The real challenge facing the Kirk today
YESTERDAY saw the opening of the General Assembly of the Church of Scotland. It is inevitable that the Commissioners will have the doubtful future of the Kirk very much on their minds.
In that context, I refer to the Very Rev Dr John Chalmers’ question as to whether “the format of the Kirk’s governance is fit for the present day” (“Former Moderator compares Kirk to a ‘modern-day Rip Van Winkle’”, May 1).
I suggest that it is no wonder the Kirk is in decline given its failing to see that its “problems” can never be resolved by constantly reorganising its institutional structures, the standard solution pursued by bureaucracies struggling to save the institution they serve.

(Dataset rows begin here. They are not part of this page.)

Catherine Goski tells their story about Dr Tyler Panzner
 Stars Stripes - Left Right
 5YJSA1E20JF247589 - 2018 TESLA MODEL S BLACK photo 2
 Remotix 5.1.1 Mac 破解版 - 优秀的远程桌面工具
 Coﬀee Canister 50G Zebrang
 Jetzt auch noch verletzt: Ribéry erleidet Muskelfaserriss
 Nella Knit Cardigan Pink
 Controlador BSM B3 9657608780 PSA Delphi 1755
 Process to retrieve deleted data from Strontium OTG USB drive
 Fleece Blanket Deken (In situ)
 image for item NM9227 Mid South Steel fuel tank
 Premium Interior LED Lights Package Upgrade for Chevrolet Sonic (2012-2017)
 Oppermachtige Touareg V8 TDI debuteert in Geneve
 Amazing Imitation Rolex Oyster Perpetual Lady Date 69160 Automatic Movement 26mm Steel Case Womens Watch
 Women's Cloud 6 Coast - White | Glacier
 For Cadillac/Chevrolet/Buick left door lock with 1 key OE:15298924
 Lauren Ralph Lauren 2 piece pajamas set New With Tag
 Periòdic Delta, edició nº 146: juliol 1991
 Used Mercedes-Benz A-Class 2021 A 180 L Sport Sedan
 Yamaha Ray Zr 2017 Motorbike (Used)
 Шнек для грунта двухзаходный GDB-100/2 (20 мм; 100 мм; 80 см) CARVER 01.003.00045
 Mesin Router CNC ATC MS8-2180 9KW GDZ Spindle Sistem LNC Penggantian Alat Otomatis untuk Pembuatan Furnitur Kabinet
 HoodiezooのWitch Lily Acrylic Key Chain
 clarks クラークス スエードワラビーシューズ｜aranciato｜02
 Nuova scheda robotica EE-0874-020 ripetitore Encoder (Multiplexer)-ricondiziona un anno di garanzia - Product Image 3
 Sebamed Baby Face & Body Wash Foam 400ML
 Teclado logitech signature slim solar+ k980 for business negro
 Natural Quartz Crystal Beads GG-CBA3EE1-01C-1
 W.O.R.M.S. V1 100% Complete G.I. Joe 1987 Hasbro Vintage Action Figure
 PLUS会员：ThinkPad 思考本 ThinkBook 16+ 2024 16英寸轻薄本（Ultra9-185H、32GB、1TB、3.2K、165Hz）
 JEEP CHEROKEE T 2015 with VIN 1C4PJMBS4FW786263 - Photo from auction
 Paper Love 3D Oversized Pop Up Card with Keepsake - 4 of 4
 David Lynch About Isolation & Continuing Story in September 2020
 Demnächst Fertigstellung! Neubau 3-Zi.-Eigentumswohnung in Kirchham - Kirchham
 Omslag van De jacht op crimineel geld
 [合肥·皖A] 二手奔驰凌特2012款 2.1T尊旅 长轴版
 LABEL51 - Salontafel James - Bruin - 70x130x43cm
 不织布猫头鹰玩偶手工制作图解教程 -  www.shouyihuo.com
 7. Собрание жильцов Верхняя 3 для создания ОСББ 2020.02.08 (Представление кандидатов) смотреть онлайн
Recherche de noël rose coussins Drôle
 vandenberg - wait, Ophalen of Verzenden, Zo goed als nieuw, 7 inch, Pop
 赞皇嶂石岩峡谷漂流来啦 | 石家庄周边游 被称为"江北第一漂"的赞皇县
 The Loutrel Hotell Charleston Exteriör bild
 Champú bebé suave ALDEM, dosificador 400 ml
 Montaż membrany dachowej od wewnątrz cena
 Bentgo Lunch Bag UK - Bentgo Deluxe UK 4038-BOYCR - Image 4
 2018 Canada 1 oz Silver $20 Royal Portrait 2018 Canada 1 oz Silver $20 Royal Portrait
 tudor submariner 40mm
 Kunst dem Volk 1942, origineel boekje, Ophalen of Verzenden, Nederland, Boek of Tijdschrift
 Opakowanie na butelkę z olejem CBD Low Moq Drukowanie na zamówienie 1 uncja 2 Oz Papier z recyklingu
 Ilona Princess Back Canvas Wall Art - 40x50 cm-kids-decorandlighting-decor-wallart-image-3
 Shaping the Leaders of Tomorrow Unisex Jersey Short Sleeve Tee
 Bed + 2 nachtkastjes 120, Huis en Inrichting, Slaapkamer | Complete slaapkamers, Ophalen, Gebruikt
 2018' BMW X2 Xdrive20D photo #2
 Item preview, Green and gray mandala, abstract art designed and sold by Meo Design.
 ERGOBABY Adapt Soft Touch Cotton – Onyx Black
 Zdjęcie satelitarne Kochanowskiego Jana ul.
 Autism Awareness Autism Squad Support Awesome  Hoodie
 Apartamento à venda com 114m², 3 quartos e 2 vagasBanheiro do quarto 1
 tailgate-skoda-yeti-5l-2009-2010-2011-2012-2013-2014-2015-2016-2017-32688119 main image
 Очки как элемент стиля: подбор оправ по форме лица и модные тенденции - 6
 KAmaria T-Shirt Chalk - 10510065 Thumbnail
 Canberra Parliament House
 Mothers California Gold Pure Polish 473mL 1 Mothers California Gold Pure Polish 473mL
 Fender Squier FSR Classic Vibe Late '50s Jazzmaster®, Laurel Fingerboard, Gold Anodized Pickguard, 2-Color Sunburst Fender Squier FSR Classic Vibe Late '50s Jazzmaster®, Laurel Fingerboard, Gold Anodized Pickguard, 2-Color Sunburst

However, the predicament facing it is far more serious. It needs a new theology restating those of its ancient truths which still speak to the issues facing our world today, a new readiness to incarnate the radical and inclusive message of Jesus and a new passion for justice and human flourishing which is surely at the heart of the Christian narrative.
After a lifetime of active Kirk membership, I can no longer go along with the millennial old world view on which its current theology is founded, or confidently repeat its creeds or sing the Victorian hymns, the words of both the foregoing surely being incomprehensible to those seeking to understand Christianity which otherwise has so much to offer such a troubled world.
Dr Chalmers suggests that the Church “needs a very different approach to ministry, mission, governance, management and accountability”, drawing attention to the current “overhaul of our financial contribution system, the structure of our presbyteries”. No doubt these reforms are necessary but the Reformation of the 16th century went far deeper than bringing about a change in Church governance and structures. It gave us a new theology, a new understanding of faith, to live by. Surely that is the real challenge facing the Kirk today.